The time complexity of an algorithm quantifies the amount of time taken by an algorithm to run as a function of the length of the input. Note that the time to run is a function of the length of the input and not the actual execution time of the machine on which the algorithm is running on.

credits : GeeksforGeeks

Now this is no tutorial on understanding time complexity and neither do I understand the technical depths of it. And regardless of how much you understand Time Complexity here's what you need to know, Time complexity will be evaluated for the algorithm, denoted by O(x) based on the length of the input the graph below shows some time complexity graphs the faster and the higher the CPU operations increase with respect to the length of the input the worse the algorithm is.

made with : chart.xkcd& cutecharts.py

Our original algorithm obtained by brute force will have a time complexity of O(N^2). Now there are multiple approaches to optimize the algorithm to print prime numbers in a given range a lot of them

• Since the number ‘n’ cannot be divided by any number greater than ‘n/2’. So we only need to iterate up to n/2.[Time Complexity: O(N^2)]

• If n is not divided by any number less than or equals to the square root of n then, it will not be divided by any number greater than the square root of n. So, we only need to check up to the square root of n.[[Time Complexity: O(N^3/2)]]

refer here to get in depth codes and explanation

Sieve of Eratosthenes

But the most interesting of all and the method with the most understated logic of all simply skip the the multiples of each prime, starting with the first prime number, 2. The multiples of a given prime are generated as a sequence of numbers starting from that prime. This is the sieve's key distinction from using trial division to sequentially test each candidate number for divisibility by each prime.

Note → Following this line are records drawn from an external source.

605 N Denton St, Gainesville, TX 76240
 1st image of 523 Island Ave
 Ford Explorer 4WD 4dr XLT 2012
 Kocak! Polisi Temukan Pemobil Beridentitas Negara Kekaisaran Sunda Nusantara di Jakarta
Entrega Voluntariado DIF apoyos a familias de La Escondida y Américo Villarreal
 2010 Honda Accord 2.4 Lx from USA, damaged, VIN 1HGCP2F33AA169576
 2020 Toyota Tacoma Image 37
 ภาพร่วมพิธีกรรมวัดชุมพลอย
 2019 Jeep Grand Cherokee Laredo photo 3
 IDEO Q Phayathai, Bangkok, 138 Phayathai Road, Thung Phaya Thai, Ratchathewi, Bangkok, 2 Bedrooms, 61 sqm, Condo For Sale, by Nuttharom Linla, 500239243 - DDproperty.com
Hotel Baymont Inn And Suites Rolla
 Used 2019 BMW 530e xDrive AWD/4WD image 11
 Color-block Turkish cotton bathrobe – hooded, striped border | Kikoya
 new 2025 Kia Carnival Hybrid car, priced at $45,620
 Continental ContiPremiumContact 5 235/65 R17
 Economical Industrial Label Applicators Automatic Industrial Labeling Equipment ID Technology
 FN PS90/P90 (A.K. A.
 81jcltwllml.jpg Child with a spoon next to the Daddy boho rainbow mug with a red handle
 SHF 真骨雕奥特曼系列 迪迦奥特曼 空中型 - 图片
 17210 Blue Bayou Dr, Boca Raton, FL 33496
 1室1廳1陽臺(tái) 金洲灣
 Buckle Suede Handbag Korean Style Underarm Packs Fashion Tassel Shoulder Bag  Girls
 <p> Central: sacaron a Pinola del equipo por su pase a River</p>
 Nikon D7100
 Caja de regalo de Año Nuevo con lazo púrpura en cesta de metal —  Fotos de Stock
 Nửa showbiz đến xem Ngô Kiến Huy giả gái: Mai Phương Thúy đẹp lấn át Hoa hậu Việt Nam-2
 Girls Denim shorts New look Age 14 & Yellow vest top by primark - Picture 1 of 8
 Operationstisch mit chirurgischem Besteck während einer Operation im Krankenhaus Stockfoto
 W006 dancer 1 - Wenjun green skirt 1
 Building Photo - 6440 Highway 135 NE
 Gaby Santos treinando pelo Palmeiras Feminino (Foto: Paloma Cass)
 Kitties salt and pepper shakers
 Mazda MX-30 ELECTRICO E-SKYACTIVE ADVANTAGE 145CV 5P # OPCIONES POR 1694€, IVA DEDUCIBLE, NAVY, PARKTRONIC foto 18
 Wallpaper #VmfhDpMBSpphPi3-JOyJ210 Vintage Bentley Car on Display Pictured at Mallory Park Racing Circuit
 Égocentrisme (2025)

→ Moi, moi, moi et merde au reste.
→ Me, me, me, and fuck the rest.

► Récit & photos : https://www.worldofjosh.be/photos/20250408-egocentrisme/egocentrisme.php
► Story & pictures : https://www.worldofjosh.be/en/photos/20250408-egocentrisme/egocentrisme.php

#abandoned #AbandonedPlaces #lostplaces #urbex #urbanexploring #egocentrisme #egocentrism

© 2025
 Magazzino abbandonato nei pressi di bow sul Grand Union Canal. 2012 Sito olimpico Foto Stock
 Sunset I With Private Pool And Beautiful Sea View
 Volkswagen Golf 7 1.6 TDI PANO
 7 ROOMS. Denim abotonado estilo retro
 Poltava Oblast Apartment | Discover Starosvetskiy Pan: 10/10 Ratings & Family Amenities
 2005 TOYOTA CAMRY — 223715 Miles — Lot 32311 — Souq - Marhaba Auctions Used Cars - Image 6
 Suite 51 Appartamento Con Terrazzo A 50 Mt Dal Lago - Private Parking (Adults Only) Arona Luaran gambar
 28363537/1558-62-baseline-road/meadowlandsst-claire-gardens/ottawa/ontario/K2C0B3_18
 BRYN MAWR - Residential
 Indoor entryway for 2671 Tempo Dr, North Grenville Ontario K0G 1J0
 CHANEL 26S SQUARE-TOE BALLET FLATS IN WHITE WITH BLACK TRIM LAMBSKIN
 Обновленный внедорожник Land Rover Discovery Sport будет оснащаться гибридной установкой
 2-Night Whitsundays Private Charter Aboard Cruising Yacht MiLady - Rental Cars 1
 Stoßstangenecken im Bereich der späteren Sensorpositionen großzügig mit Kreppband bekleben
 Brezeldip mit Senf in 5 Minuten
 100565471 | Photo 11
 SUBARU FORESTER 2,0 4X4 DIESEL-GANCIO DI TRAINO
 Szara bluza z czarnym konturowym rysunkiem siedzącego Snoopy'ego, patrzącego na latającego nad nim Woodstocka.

You can learn more about it here and here

Here is a gif thoroughly demonstrating this method

This simple trick reduces the Time complexity to O(n*log(log(n))).

Here a look at the difference in Time Complexity Charts between all three approaches

In Desmos:

In cutecharts.py for a not so accurate but prettier look

Just goes to show how seemingly random and little things in mathematics can speed up processes and help improve algorithms and how a little curiosity to explore out of the box leads to internet rabbit holes with a lot to learn. The first code I wrote to solve problem 3 on the project euler website lead me to learning on all this. Hope this helps you too.

And yes speaking of the code that started it all as I was writing this blogpost with the initial code running in the background. I got one more prime factor, yeah that code is really really that slow.